#### EXERCISE DETAILS
Quote exactly and only this range of lines in the data below: the line that holds "施工企業(yè)項目管理軟件結(jié)構(gòu)圖" to the line that holds "HSC Practice Papers - Extension 1 Maths", both included.

#### PROVIDED MATERIAL
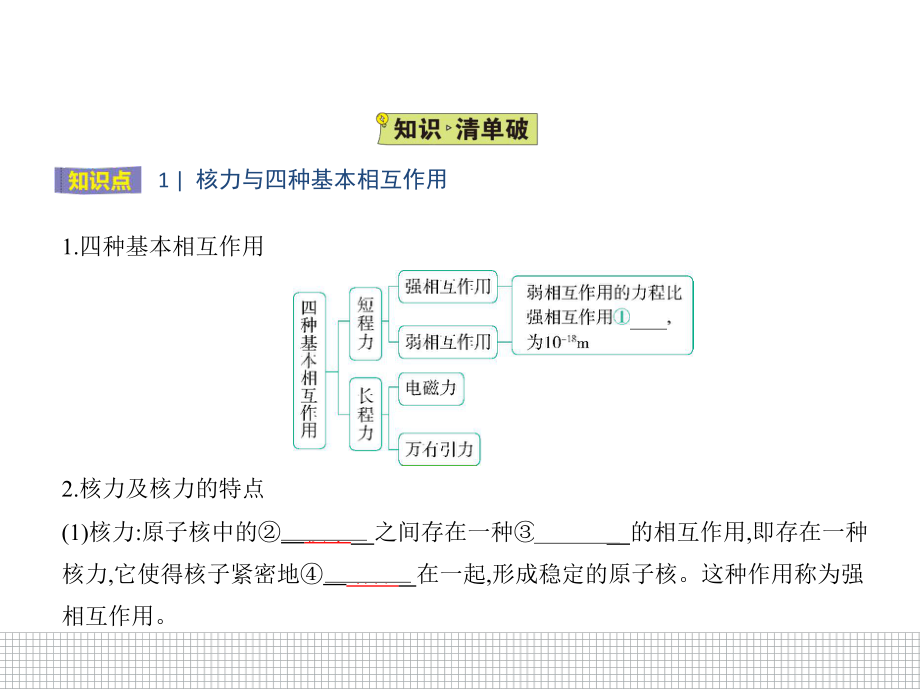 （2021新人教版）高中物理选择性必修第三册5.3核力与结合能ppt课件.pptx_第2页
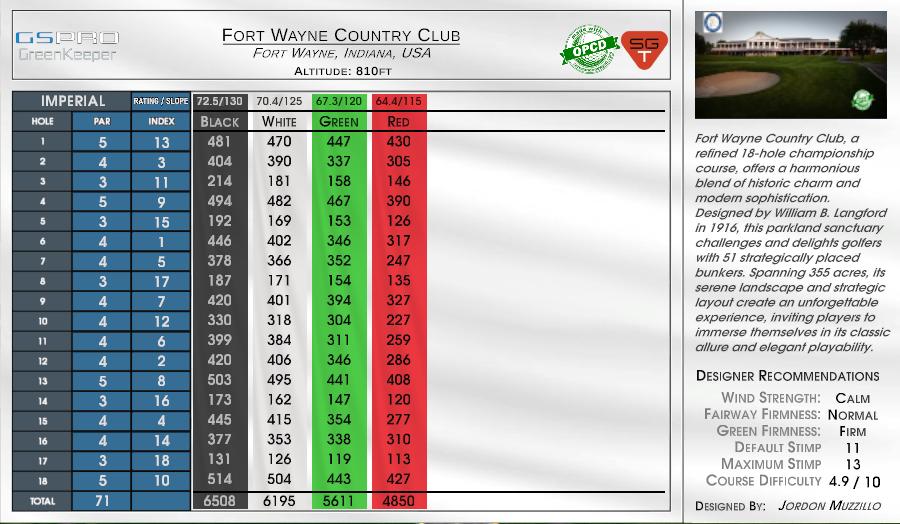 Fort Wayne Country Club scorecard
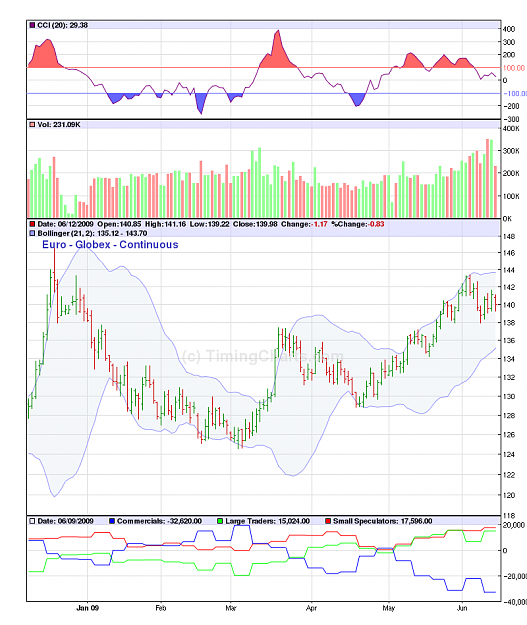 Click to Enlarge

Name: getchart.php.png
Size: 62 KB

---

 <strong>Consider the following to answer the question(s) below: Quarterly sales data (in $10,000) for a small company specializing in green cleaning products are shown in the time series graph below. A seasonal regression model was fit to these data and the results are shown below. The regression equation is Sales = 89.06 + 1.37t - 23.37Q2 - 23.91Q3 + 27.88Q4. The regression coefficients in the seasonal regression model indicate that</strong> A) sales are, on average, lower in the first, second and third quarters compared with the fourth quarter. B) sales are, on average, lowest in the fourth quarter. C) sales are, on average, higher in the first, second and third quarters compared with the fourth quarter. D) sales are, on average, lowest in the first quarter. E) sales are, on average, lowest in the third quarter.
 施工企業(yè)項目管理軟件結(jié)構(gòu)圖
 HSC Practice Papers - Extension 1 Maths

==

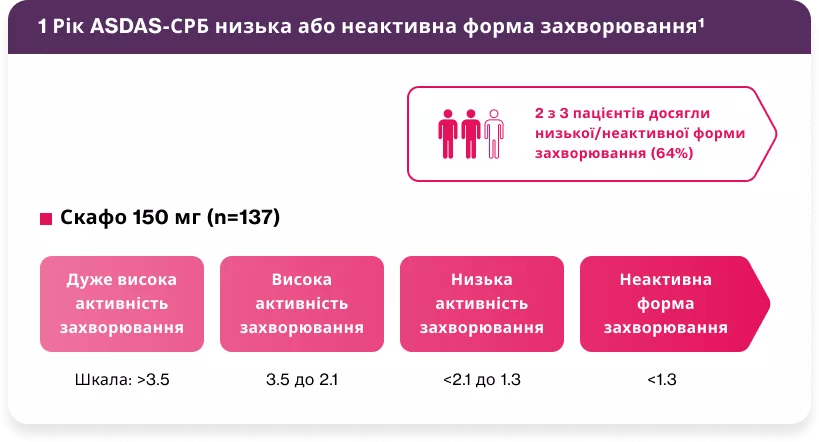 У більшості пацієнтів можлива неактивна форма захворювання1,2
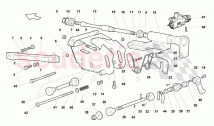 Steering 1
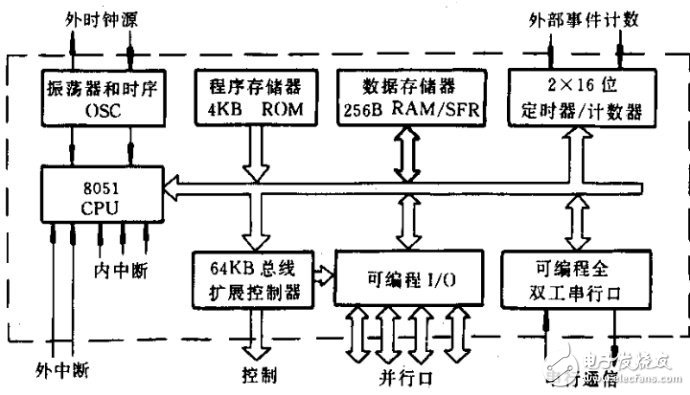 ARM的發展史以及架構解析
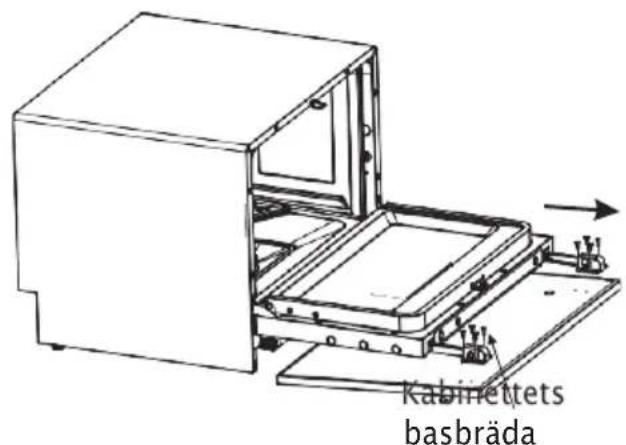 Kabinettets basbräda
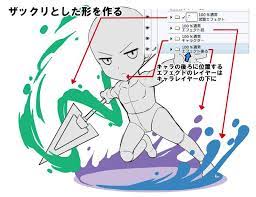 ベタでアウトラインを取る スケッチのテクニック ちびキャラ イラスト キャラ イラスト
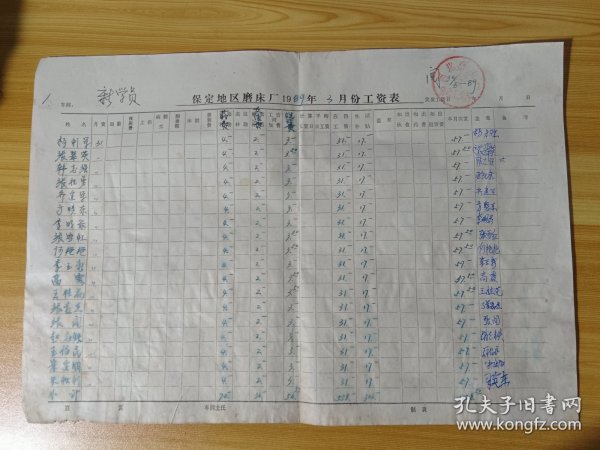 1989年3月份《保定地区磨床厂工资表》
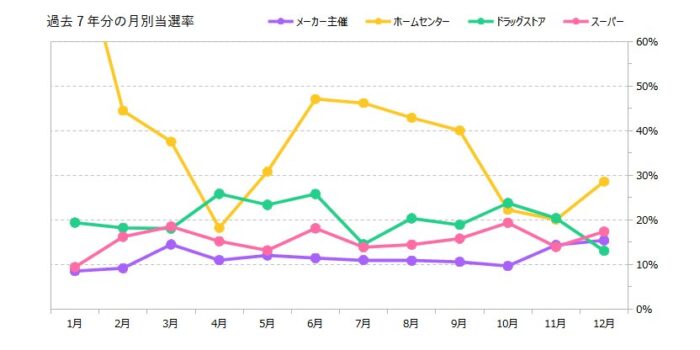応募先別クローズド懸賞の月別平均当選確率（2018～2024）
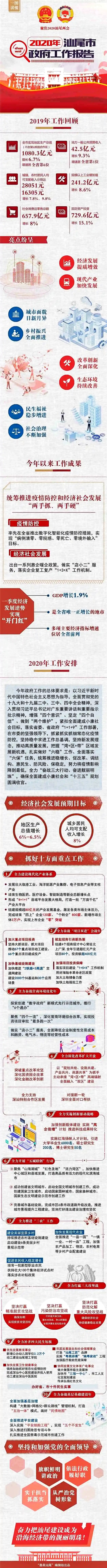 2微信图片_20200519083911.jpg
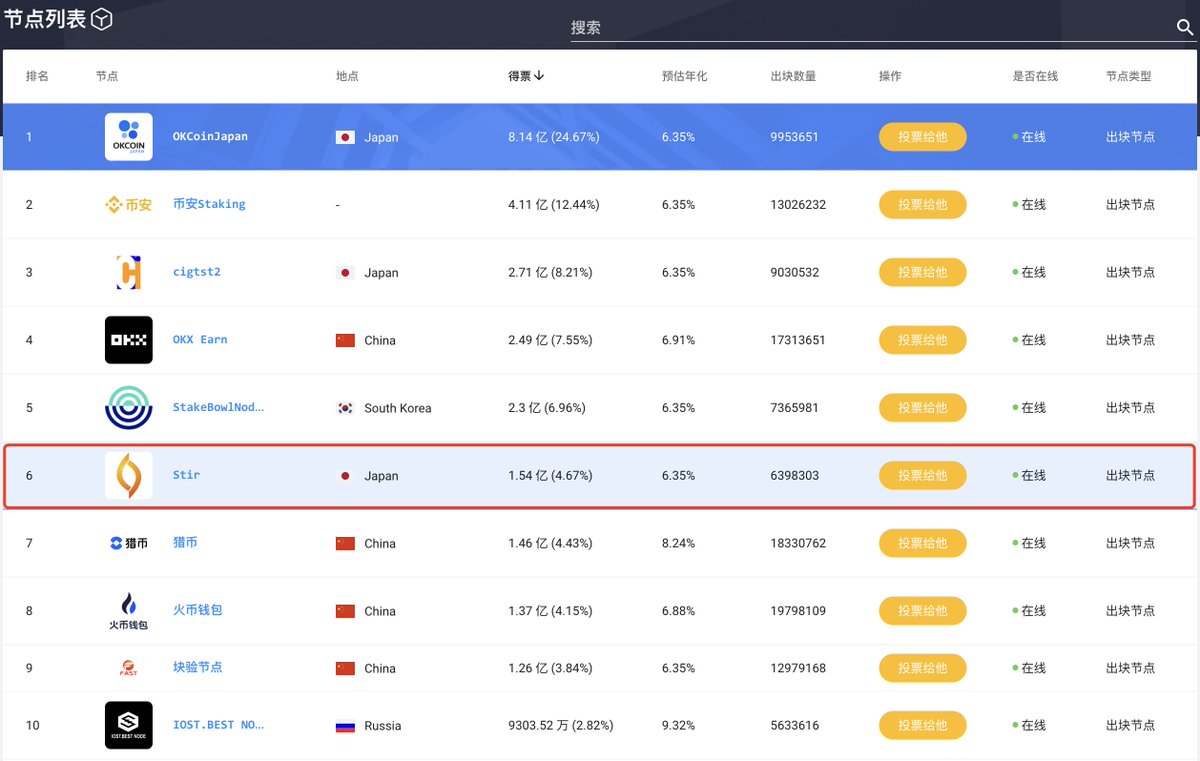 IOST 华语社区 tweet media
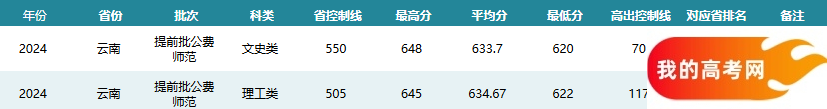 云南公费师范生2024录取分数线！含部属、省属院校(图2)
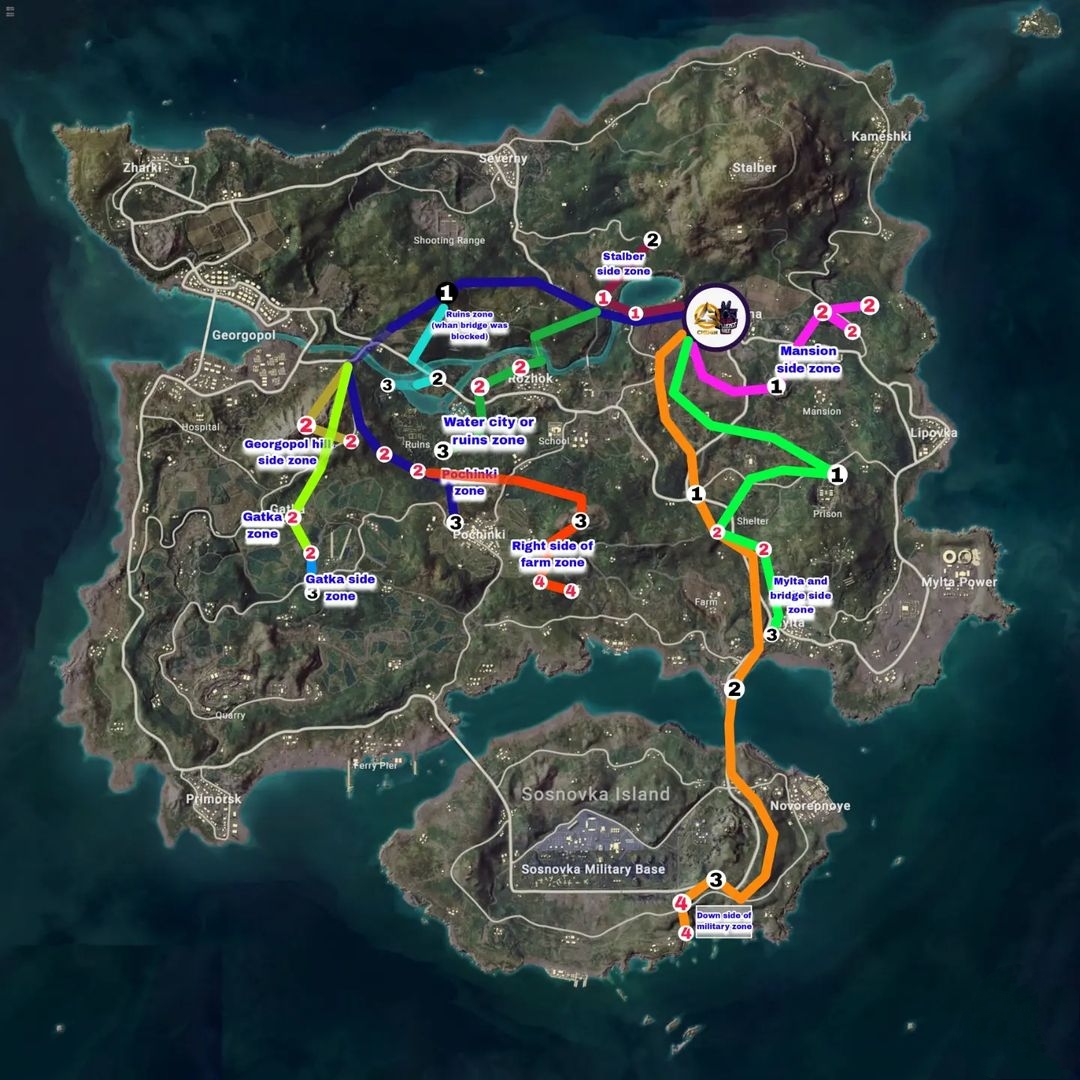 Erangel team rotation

#### EXERCISE OUTPUT
 施工企業(yè)項目管理軟件結(jié)構(gòu)圖
 HSC Practice Papers - Extension 1 Maths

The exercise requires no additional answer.